The number of states explodes due to non-determinism, which is the key to your question.

If you take an NFA, where each transition is uniquely determined, i.e. a deterministic NFA, then it is nothing but a normal DFA. However, once you have a state where two transitions are possible it differs from the DFA.

Consider the conversion algorithm and look at what happens if you have two or more transitions with the same label for a state. This is where you need those new states that correspond to sets of states.

So the question comes down to finding out how many of these superset states are actually reachable. Of course you could invent a fancy algorithm for that, but to get the correct number, simply run the normal conversion algorithm and remove unreachable states.
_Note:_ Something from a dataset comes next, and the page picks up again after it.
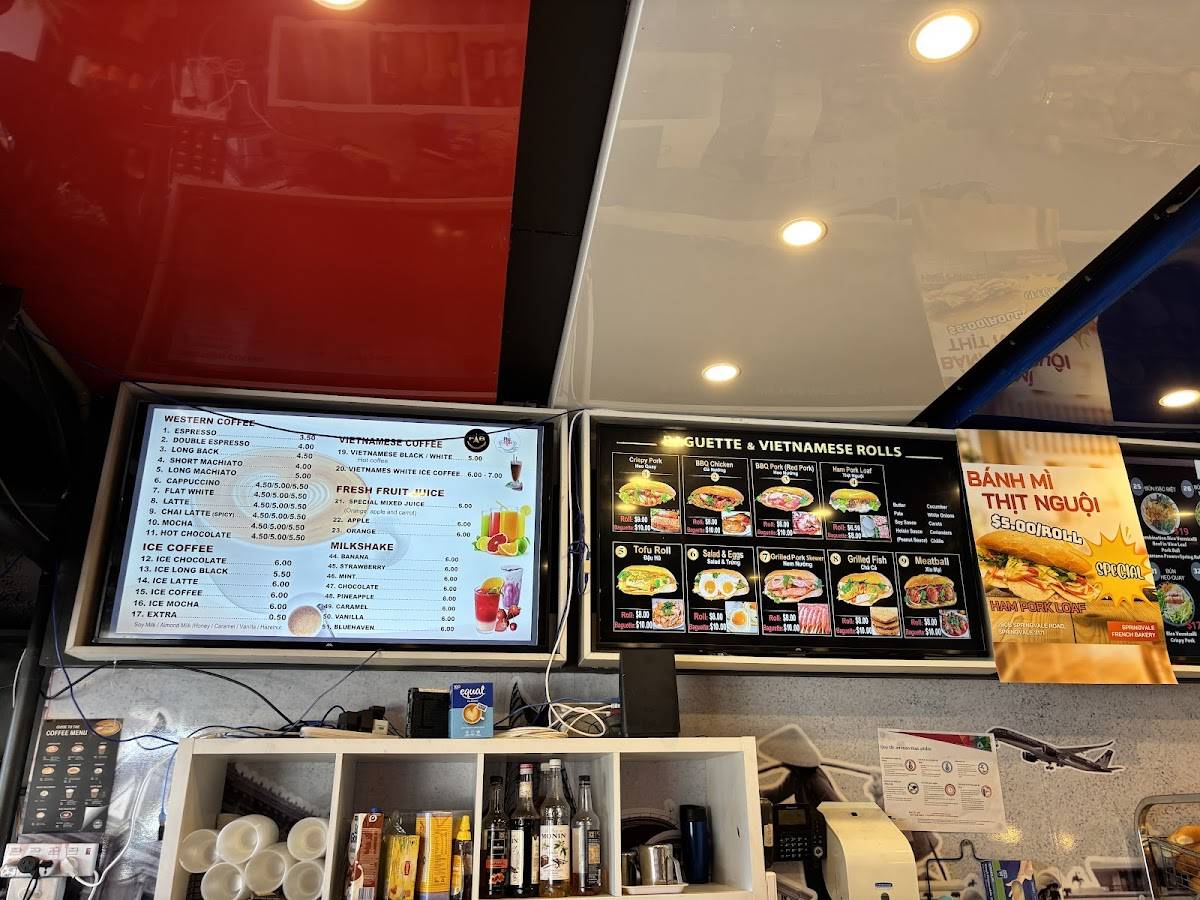 Pho Ngon Springvale меню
As for an NFA with n states for which the equivalent DFA has 2^n states think about exploiting non-determinism. The first idea would be to label all transitions the same, however, that doesn t work out too well. Instead remember that you need to be able to somehow reach all subsets of states with some label each.

If you do not count the starting state, then you can do the following construction: create n nodes and for each set out of 2^n create a unique label and in the NFA add a transition with this label to each node of that set. This gives you a NFA with n+1 states (1 being the starting state), where the DFA requires 2^n +1 states. Of course, it gets trickier, once you want to have 2^n DFA states after minimization.
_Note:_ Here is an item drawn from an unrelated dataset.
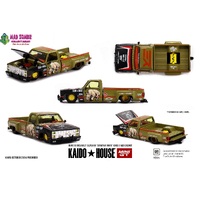 MINI GT x KAIDO x MIZU 1/64 - Chevrolet Silverado “Sumatran Rhino” KAIDO x MIZU Diecast - PRE-ORDER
Ok, start with assumption that n -> n. Now, for every non-deterministic transition where from one state you can end up in x other states, multiply your estimate by x. This may not be precise, as you might double-count. But it should give you an upper bound.

However, the only sure way it to build a corresponding DFA and then count the states (I think).

Finally, you can probably simplify some of the DFAs (and NFAs for that matter), but this is a whole new story ...

Take as a function of N, with start state S and final state N, this NFA A(N):

S a-> S
S b-> S
S a-> 0 // NOTE: only "a" allows you to leave state S
0 a-> 1
0 b-> 1
1 a-> 2
1 b-> 2
...
N-1 a-> N
N-2 b-> N
N

It should be obvious that this accepts all strings in [ab]* whose Nth-from-last letter is a.

The determinization of A(N) has to remember the previous N-1 letters, effectively (you need to know all the positions in that window that were a, so that when the string unexpectedly ends, you can say whether there was an a N letters ago).

I m not sure if this hits exactly the number of states you wanted, but it s at least within a factor of 2 - all subsets of {0,...,N} are possible, but you re also always in S. This should be 2^(N+1) states, but A(N) had N+2 states.

To further expand on the excellent answer of Jonathan Graehl.

Add to each state 0, 1, ..., N of A(N) a selfloop labeled c, i.e., you add the following transitions:
0 c-> 0
1 c-> 1
...
N c-> N

Then assuming c never fires, the DFA contains the same 2^(N+1) states of Jonathan s DFA. However, whenever c is observed from a state {S,j,k,...,z} <> {S} we reach state {j,k,...,z}. Hence all subsets of {S,0,...,N} are possible except the empty set and the DFA has 2^(N+2)-1 states while A(N) has N+2 states.